The solution of any initial problem for a vibrating drum can be represented as a superposition of natural modes (i.e. eigen-modes). The corresponding eigen-values would be referred to as the natural frequencies. When you kick the drum you end up exciting one or several eigen-modes. The specific amplitudes of these modes depend on your initial condition (the way you kick the drum). However, realistic loading would tend to happen relatively slowly and, therefore, result in higher-frequency modes having smaller amplitudes. The resulting sound would normally be dominated by one of the lowest-frequency modes of the drum, with the higher-frequency modes contributing to the resulting timbre.
Suppose that you have a round drum. Its sound, for the majority of realistic initial conditions, will be dominated by its lowest frequency eigen-mode. Hence, someone trying to make an audibly-indistinguishable square drum will first have to match their lowest natural frequencies. However, there is absolutely no reason why this would also match their second and higher natural frequencies. Thus, such drums would have the same "dominant" tone, but different timbre, making them easily distinguishable even by untrained ear.
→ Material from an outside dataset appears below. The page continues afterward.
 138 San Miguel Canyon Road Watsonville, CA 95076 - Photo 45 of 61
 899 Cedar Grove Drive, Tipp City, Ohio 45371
However, if you are allowed to change the shape in a wider range, say, consider rectangular drums, you will be able to match 2 (for rectangle), 3, and more lowest modes (for more complicated shapes). The resulting timbre of these drums can be made much closer to each other and, at some point, untrained, or even trained, ear will become unable to tell the difference.
Keep in mind that I implicitly assumed here that the we can always reproduce the specific distribution of the amplitudes of natural modes for both drums. This means, however, that to achieve the same sound you are likely to need to kick different drums in a different fashion.